┌──

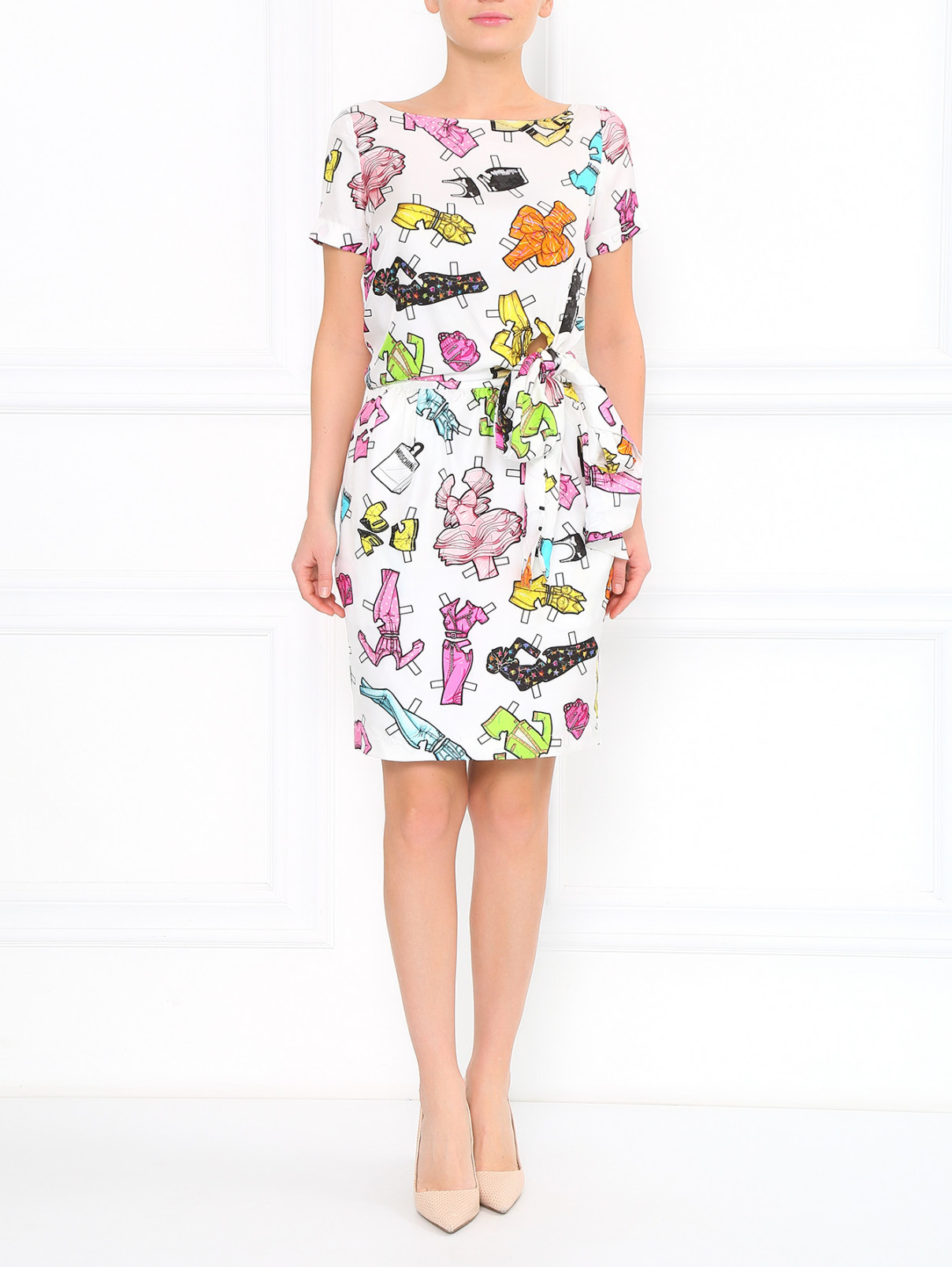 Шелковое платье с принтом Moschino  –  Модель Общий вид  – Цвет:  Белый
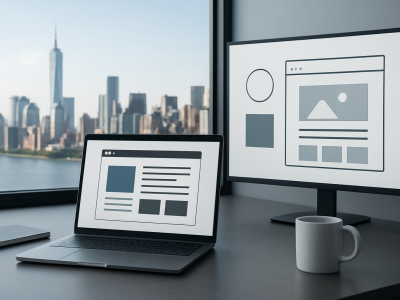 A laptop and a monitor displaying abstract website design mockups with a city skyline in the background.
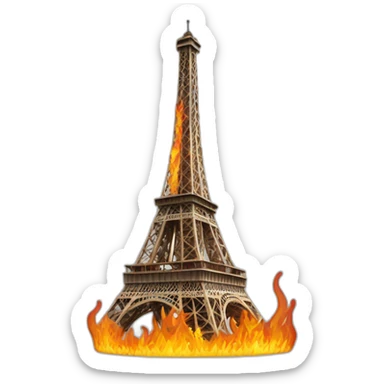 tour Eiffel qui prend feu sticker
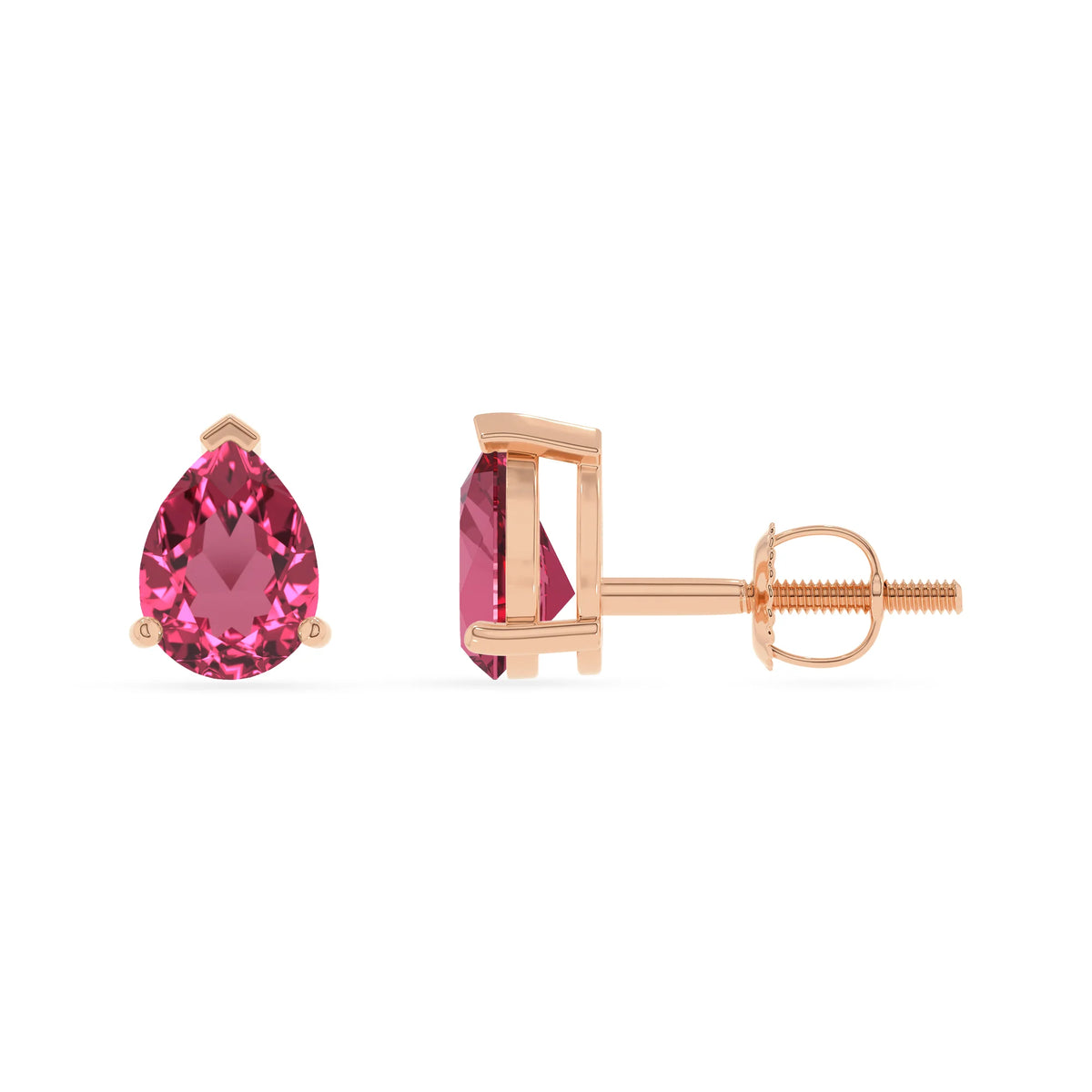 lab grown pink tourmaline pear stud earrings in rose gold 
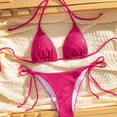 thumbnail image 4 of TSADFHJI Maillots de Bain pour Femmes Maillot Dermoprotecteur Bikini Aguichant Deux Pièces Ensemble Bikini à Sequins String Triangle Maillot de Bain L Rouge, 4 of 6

└──

Reproduce exactly and only the lines from the one with "lab grown pink" through the last entry, both included, excluding every picture.

 lab grown pink tourmaline pear stud earrings in rose gold 
 thumbnail image 4 of TSADFHJI Maillots de Bain pour Femmes Maillot Dermoprotecteur Bikini Aguichant Deux Pièces Ensemble Bikini à Sequins String Triangle Maillot de Bain L Rouge, 4 of 6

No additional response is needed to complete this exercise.